Brief: From the entries below, reproduce exactly the lines from the one with "RIC 43a Clodius Albinus, AR denarius" through the one with "ELBA Shoulder bag, in", both included, without images.

===== Material provided

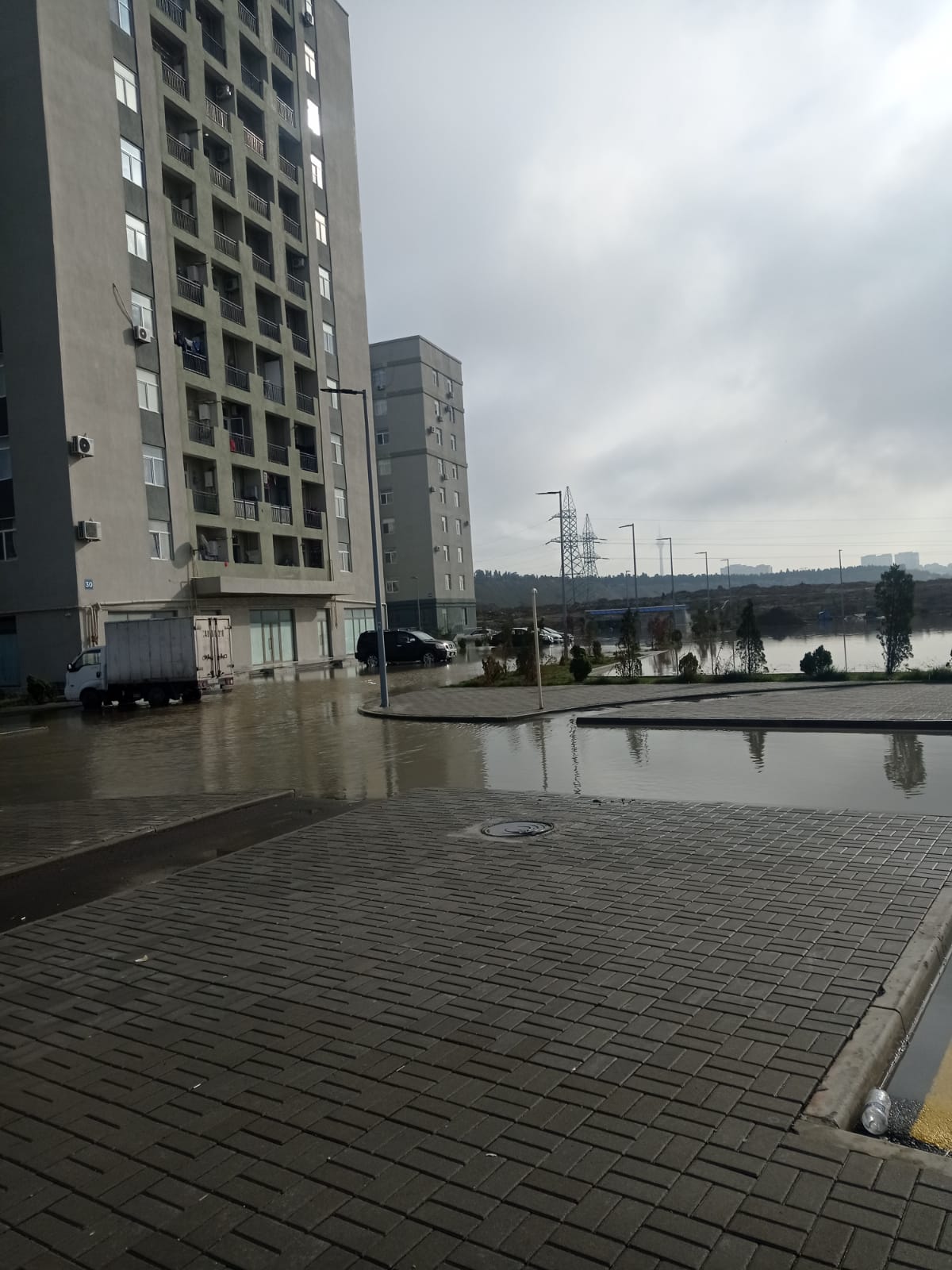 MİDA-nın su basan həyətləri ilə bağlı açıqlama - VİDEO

==========
===== Material provided

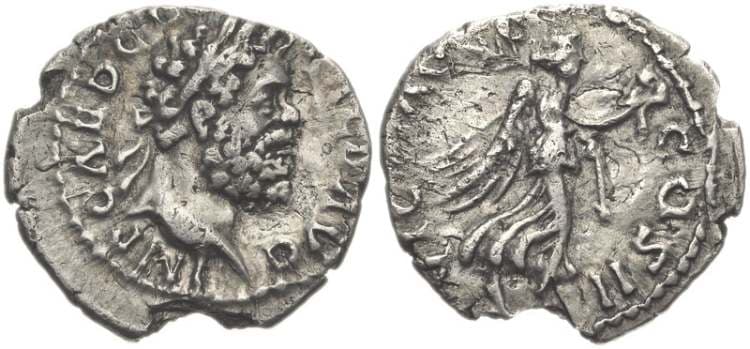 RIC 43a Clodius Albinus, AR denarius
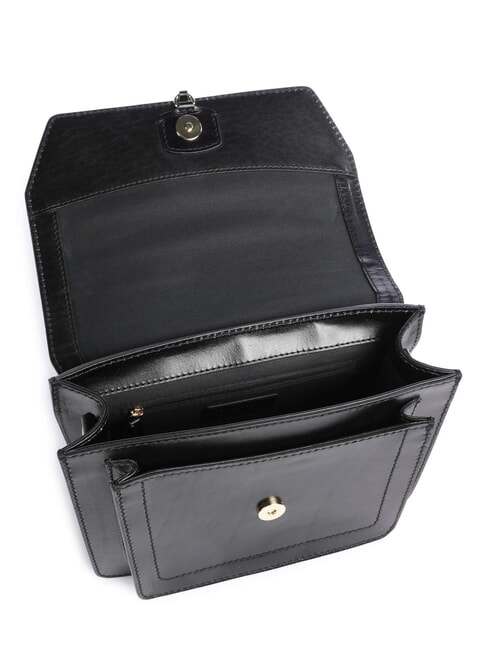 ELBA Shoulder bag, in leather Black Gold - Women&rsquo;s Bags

==========

Answer to the exercise:
 RIC 43a Clodius Albinus, AR denarius
 ELBA Shoulder bag, in leather Black Gold - Women&rsquo;s Bags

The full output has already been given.